■ What the task requires:
The full listing below must be printed exactly, word for word.

=== Section Start ===

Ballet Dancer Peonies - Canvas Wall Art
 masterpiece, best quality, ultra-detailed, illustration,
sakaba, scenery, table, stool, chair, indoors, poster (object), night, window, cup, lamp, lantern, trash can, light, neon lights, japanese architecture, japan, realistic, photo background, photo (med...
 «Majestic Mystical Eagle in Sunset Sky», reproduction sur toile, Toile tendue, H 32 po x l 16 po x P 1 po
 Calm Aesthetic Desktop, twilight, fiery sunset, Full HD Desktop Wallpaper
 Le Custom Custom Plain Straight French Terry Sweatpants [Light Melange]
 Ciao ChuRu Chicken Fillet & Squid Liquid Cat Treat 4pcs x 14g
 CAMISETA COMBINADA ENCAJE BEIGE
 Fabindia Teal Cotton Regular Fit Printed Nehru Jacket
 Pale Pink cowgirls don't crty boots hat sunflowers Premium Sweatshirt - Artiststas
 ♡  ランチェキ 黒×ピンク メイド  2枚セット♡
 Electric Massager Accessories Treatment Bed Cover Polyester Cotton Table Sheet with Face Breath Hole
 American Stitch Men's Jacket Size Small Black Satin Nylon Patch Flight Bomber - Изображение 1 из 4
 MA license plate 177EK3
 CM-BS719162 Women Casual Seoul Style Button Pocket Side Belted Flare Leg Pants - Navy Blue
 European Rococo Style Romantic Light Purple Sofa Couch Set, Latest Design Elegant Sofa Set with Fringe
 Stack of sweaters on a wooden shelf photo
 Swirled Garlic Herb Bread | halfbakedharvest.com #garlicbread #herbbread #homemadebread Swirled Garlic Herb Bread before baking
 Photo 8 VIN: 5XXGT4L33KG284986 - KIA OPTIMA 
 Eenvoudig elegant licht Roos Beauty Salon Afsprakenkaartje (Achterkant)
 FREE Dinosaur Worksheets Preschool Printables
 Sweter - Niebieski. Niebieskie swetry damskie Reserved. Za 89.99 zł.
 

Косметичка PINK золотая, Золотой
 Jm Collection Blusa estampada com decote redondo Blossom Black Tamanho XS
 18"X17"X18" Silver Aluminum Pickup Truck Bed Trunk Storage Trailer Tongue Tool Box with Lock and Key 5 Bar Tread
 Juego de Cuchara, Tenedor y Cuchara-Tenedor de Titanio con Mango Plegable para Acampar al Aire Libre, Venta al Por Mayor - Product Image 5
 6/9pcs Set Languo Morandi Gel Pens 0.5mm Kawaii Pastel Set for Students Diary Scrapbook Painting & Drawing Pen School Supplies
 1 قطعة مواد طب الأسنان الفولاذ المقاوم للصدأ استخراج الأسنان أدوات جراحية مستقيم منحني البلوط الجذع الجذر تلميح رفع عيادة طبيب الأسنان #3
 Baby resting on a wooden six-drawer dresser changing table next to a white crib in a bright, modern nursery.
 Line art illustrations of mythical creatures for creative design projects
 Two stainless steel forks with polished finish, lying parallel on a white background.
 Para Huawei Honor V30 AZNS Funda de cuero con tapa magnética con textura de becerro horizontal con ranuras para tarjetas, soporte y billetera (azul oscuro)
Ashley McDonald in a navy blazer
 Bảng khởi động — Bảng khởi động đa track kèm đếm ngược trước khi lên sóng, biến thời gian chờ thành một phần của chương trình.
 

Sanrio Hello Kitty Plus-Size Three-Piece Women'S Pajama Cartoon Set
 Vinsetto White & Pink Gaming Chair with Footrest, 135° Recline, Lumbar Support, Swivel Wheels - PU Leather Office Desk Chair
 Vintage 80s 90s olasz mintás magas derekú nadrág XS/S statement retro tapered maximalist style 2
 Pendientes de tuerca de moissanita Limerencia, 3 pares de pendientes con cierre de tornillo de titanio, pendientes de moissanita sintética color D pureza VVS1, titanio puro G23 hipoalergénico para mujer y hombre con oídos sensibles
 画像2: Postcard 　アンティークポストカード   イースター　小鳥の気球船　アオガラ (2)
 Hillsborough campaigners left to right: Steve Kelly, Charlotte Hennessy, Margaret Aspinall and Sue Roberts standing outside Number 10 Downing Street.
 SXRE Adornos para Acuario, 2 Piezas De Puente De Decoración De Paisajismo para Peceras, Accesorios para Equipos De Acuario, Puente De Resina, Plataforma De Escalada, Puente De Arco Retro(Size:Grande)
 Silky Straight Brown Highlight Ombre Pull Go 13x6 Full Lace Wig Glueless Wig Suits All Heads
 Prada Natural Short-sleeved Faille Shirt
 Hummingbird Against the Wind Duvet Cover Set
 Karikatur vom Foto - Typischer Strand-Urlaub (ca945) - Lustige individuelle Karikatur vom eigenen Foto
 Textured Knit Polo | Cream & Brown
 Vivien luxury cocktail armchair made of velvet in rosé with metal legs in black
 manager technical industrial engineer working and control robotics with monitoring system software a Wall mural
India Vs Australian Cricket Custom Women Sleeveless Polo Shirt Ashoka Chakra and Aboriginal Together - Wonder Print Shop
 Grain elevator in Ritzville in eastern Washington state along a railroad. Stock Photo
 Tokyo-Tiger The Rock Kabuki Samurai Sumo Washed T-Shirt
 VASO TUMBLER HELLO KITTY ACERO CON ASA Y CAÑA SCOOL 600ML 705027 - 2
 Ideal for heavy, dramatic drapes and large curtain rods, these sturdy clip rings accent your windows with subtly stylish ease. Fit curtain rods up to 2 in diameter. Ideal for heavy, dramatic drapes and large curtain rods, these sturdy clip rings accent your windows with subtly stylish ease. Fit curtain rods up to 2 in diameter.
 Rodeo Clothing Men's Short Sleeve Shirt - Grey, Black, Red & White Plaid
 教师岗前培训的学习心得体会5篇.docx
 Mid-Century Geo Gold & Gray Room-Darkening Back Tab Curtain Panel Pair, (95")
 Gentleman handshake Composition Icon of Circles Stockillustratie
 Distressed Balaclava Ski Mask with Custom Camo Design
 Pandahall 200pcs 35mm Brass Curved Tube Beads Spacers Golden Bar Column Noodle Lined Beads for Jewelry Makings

=== Section End ===

■ Task response:
Ballet Dancer Peonies - Canvas Wall Art
 masterpiece, best quality, ultra-detailed, illustration,
sakaba, scenery, table, stool, chair, indoors, poster (object), night, window, cup, lamp, lantern, trash can, light, neon lights, japanese architecture, japan, realistic, photo background, photo (med...
 «Majestic Mystical Eagle in Sunset Sky», reproduction sur toile, Toile tendue, H 32 po x l 16 po x P 1 po
 Calm Aesthetic Desktop, twilight, fiery sunset, Full HD Desktop Wallpaper
 Le Custom Custom Plain Straight French Terry Sweatpants [Light Melange]
 Ciao ChuRu Chicken Fillet & Squid Liquid Cat Treat 4pcs x 14g
 CAMISETA COMBINADA ENCAJE BEIGE
 Fabindia Teal Cotton Regular Fit Printed Nehru Jacket
 Pale Pink cowgirls don't crty boots hat sunflowers Premium Sweatshirt - Artiststas
 ♡  ランチェキ 黒×ピンク メイド  2枚セット♡
 Electric Massager Accessories Treatment Bed Cover Polyester Cotton Table Sheet with Face Breath Hole
 American Stitch Men's Jacket Size Small Black Satin Nylon Patch Flight Bomber - Изображение 1 из 4
 MA license plate 177EK3
 CM-BS719162 Women Casual Seoul Style Button Pocket Side Belted Flare Leg Pants - Navy Blue
 European Rococo Style Romantic Light Purple Sofa Couch Set, Latest Design Elegant Sofa Set with Fringe
 Stack of sweaters on a wooden shelf photo
 Swirled Garlic Herb Bread | halfbakedharvest.com #garlicbread #herbbread #homemadebread Swirled Garlic Herb Bread before baking
 Photo 8 VIN: 5XXGT4L33KG284986 - KIA OPTIMA 
 Eenvoudig elegant licht Roos Beauty Salon Afsprakenkaartje (Achterkant)
 FREE Dinosaur Worksheets Preschool Printables
 Sweter - Niebieski. Niebieskie swetry damskie Reserved. Za 89.99 zł.
 

Косметичка PINK золотая, Золотой
 Jm Collection Blusa estampada com decote redondo Blossom Black Tamanho XS
 18"X17"X18" Silver Aluminum Pickup Truck Bed Trunk Storage Trailer Tongue Tool Box with Lock and Key 5 Bar Tread
 Juego de Cuchara, Tenedor y Cuchara-Tenedor de Titanio con Mango Plegable para Acampar al Aire Libre, Venta al Por Mayor - Product Image 5
 6/9pcs Set Languo Morandi Gel Pens 0.5mm Kawaii Pastel Set for Students Diary Scrapbook Painting & Drawing Pen School Supplies
 1 قطعة مواد طب الأسنان الفولاذ المقاوم للصدأ استخراج الأسنان أدوات جراحية مستقيم منحني البلوط الجذع الجذر تلميح رفع عيادة طبيب الأسنان #3
 Baby resting on a wooden six-drawer dresser changing table next to a white crib in a bright, modern nursery.
 Line art illustrations of mythical creatures for creative design projects
 Two stainless steel forks with polished finish, lying parallel on a white background.
 Para Huawei Honor V30 AZNS Funda de cuero con tapa magnética con textura de becerro horizontal con ranuras para tarjetas, soporte y billetera (azul oscuro)
Ashley McDonald in a navy blazer
 Bảng khởi động — Bảng khởi động đa track kèm đếm ngược trước khi lên sóng, biến thời gian chờ thành một phần của chương trình.
 

Sanrio Hello Kitty Plus-Size Three-Piece Women'S Pajama Cartoon Set
 Vinsetto White & Pink Gaming Chair with Footrest, 135° Recline, Lumbar Support, Swivel Wheels - PU Leather Office Desk Chair
 Vintage 80s 90s olasz mintás magas derekú nadrág XS/S statement retro tapered maximalist style 2
 Pendientes de tuerca de moissanita Limerencia, 3 pares de pendientes con cierre de tornillo de titanio, pendientes de moissanita sintética color D pureza VVS1, titanio puro G23 hipoalergénico para mujer y hombre con oídos sensibles
 画像2: Postcard 　アンティークポストカード   イースター　小鳥の気球船　アオガラ (2)
 Hillsborough campaigners left to right: Steve Kelly, Charlotte Hennessy, Margaret Aspinall and Sue Roberts standing outside Number 10 Downing Street.
 SXRE Adornos para Acuario, 2 Piezas De Puente De Decoración De Paisajismo para Peceras, Accesorios para Equipos De Acuario, Puente De Resina, Plataforma De Escalada, Puente De Arco Retro(Size:Grande)
 Silky Straight Brown Highlight Ombre Pull Go 13x6 Full Lace Wig Glueless Wig Suits All Heads
 Prada Natural Short-sleeved Faille Shirt
 Hummingbird Against the Wind Duvet Cover Set
 Karikatur vom Foto - Typischer Strand-Urlaub (ca945) - Lustige individuelle Karikatur vom eigenen Foto
 Textured Knit Polo | Cream & Brown
 Vivien luxury cocktail armchair made of velvet in rosé with metal legs in black
 manager technical industrial engineer working and control robotics with monitoring system software a Wall mural
India Vs Australian Cricket Custom Women Sleeveless Polo Shirt Ashoka Chakra and Aboriginal Together - Wonder Print Shop
 Grain elevator in Ritzville in eastern Washington state along a railroad. Stock Photo
 Tokyo-Tiger The Rock Kabuki Samurai Sumo Washed T-Shirt
 VASO TUMBLER HELLO KITTY ACERO CON ASA Y CAÑA SCOOL 600ML 705027 - 2
 Ideal for heavy, dramatic drapes and large curtain rods, these sturdy clip rings accent your windows with subtly stylish ease. Fit curtain rods up to 2 in diameter. Ideal for heavy, dramatic drapes and large curtain rods, these sturdy clip rings accent your windows with subtly stylish ease. Fit curtain rods up to 2 in diameter.
 Rodeo Clothing Men's Short Sleeve Shirt - Grey, Black, Red & White Plaid
 教师岗前培训的学习心得体会5篇.docx
 Mid-Century Geo Gold & Gray Room-Darkening Back Tab Curtain Panel Pair, (95")
 Gentleman handshake Composition Icon of Circles Stockillustratie
 Distressed Balaclava Ski Mask with Custom Camo Design
 Pandahall 200pcs 35mm Brass Curved Tube Beads Spacers Golden Bar Column Noodle Lined Beads for Jewelry Makings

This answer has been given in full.